Free Culture is just freedom of speech. Is that it?
As Lessig so eloquently explains in “Free Culture”, we have been facing a perfect storm of factors that act to limit, among other things, free speech. Since “Free Culture” was written we have faced further governmental and economic reductions in the possibility of pluralism in the US and the UK (where I am). Protecting freedom of speech is vital to protecting pluralism and to keeping our societies open.

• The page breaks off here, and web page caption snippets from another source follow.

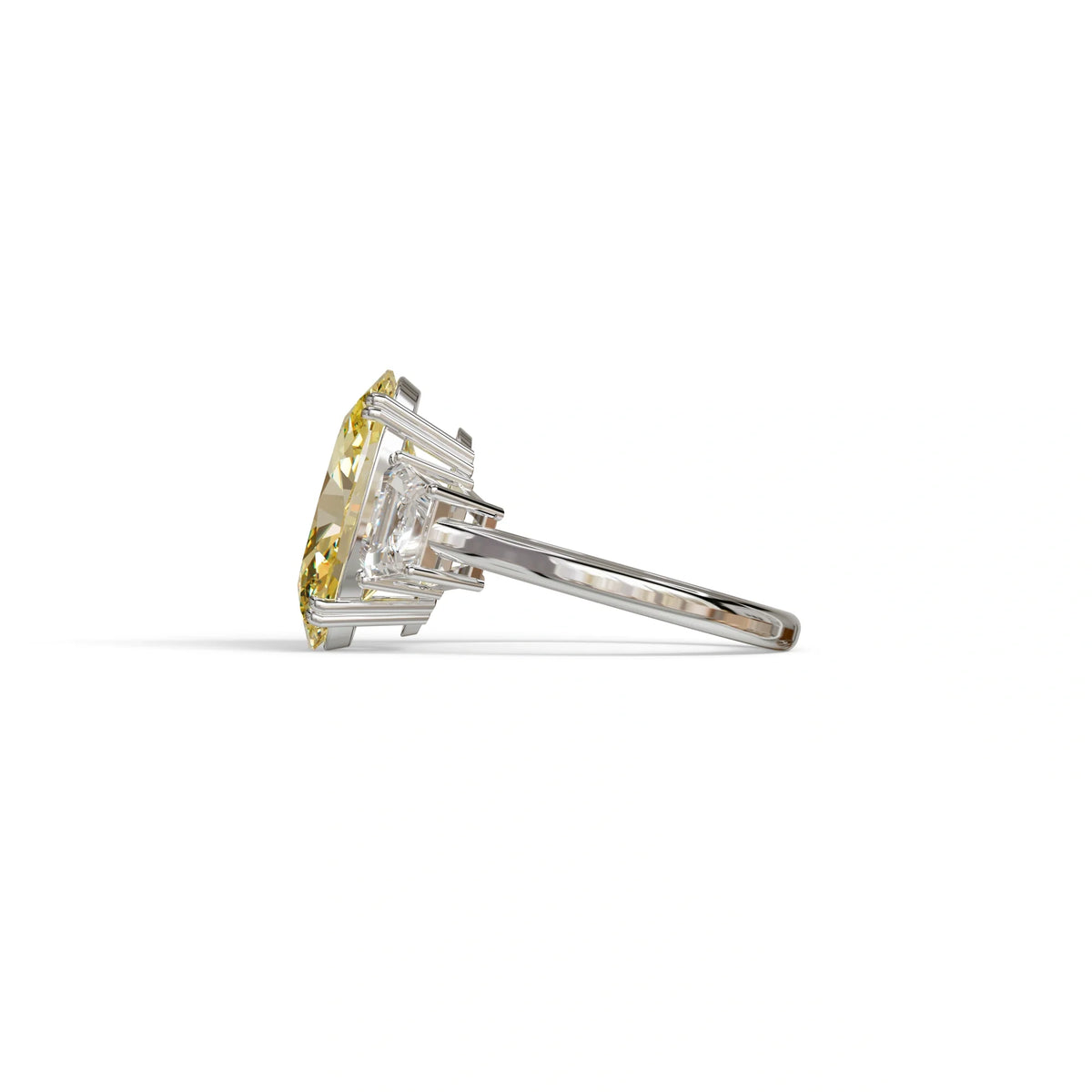 5 Carat Yellow Lab Grown Diamond Engagement Ring · Oval Cut Three Stone | Solstice - view 6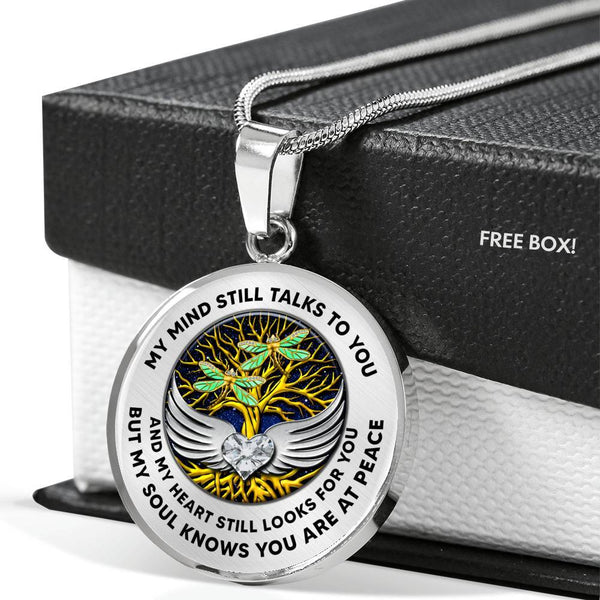 D0713010 My Mind Still Talks To You Turquoise Dragonflies Gold Tree Of Life With Heart Wings Luxury Necklace with Back Engraving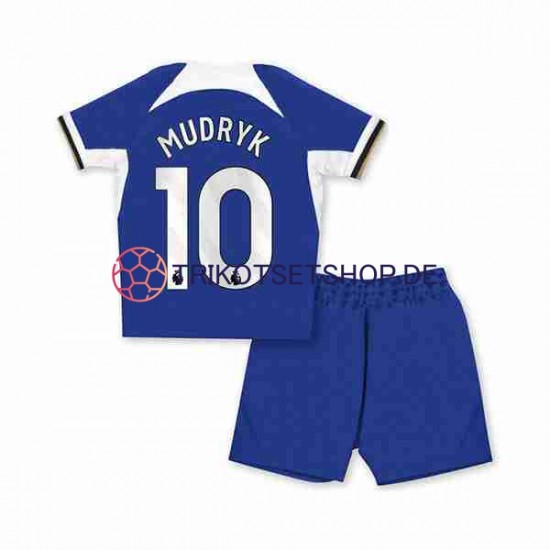 Chelsea Mykhaylo Mudryk 10 2023-2024 Kinder Trikotset Heim Kurzarm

This is hardly a side issue.
Negative free speech can be aided by lobbying for legal reform and by activism against state, corporate and community closure and capture of public debate.
Positive free speech can be aided by economic, technological and social innovation and organization.
So freedom of speech doesn’t reduce the challenges or limit the options, it clarifies and underwrites them for both activists and entrepeneurs.
And “speech” isn’t just speech.
A journalist once chided Lessig for an example from “Free Culture”. A group of kids were given access to video production equipment, allowing them to document and communicate their situation in a way that was, for them, unprecedented. The journalist asked why they couldn’t just pick up guitars, accusing Lessig of technological reification.
Even assuming they could afford guitars the answer would be no different: because the public conversation that shapes our society today is formed in the media. A democracy cannot and must not have a media underclass. Freedom of speech means the freedom to participate in the discussion of society as peers in whatever form that discussion takes. That form is changing faster today than ever, and keeping that conversation open is vital.